» WORK INSTRUCTIONS
Return the entries below in their exact form, leaving the pictures out.

» TASK INPUTS
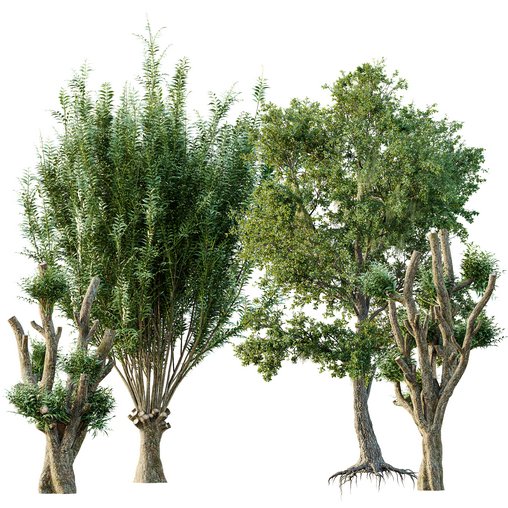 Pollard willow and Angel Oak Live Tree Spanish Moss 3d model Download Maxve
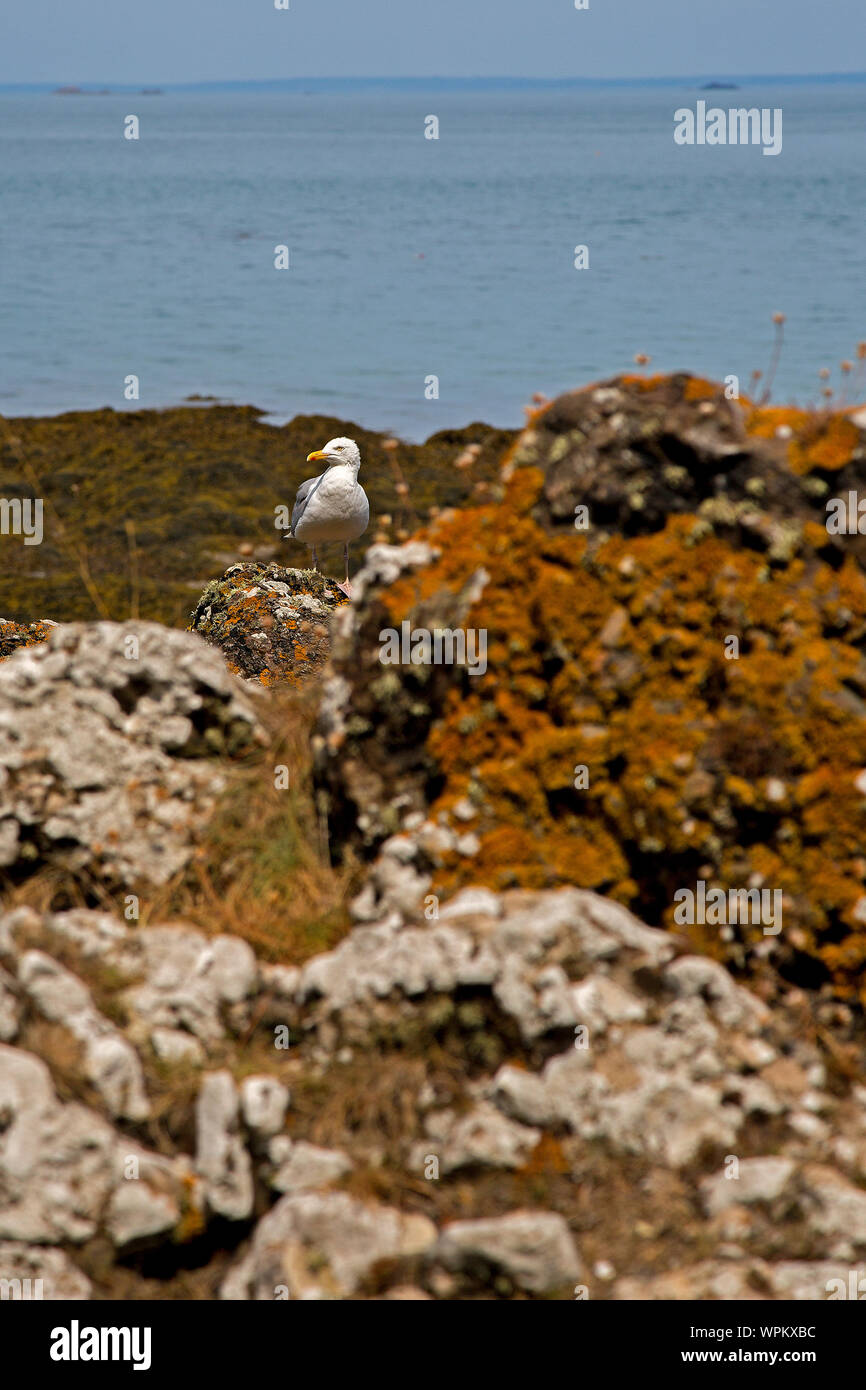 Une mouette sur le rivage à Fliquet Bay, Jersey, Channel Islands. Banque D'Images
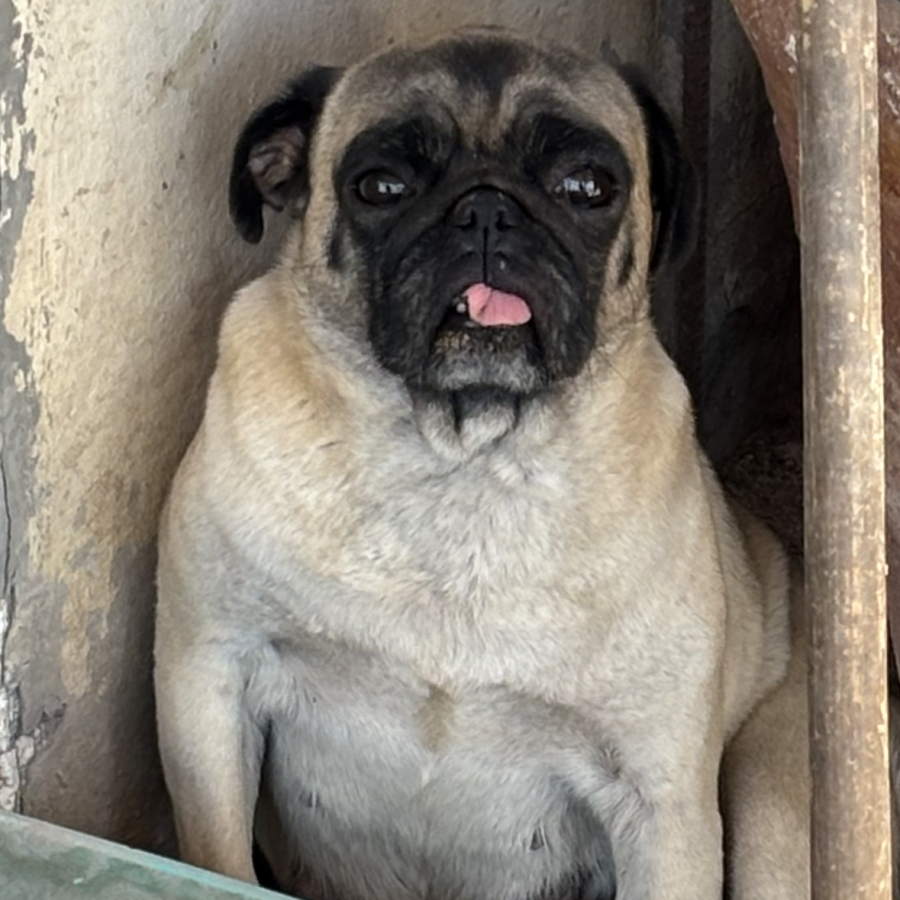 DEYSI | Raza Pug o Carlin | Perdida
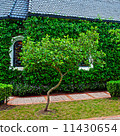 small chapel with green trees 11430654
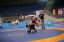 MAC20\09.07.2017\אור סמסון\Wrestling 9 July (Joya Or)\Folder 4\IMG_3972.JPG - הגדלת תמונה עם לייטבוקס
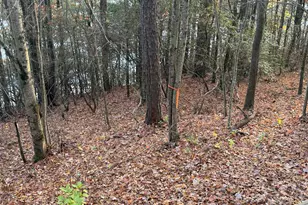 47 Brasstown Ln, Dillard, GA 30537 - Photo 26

» EXERCISE SOLUTION
 Pollard willow and Angel Oak Live Tree Spanish Moss 3d model Download Maxve
 Une mouette sur le rivage à Fliquet Bay, Jersey, Channel Islands. Banque D'Images
 DEYSI | Raza Pug o Carlin | Perdida
 small chapel with green trees 11430654
 MAC20\09.07.2017\אור סמסון\Wrestling 9 July (Joya Or)\Folder 4\IMG_3972.JPG - הגדלת תמונה עם לייטבוקס
 47 Brasstown Ln, Dillard, GA 30537 - Photo 26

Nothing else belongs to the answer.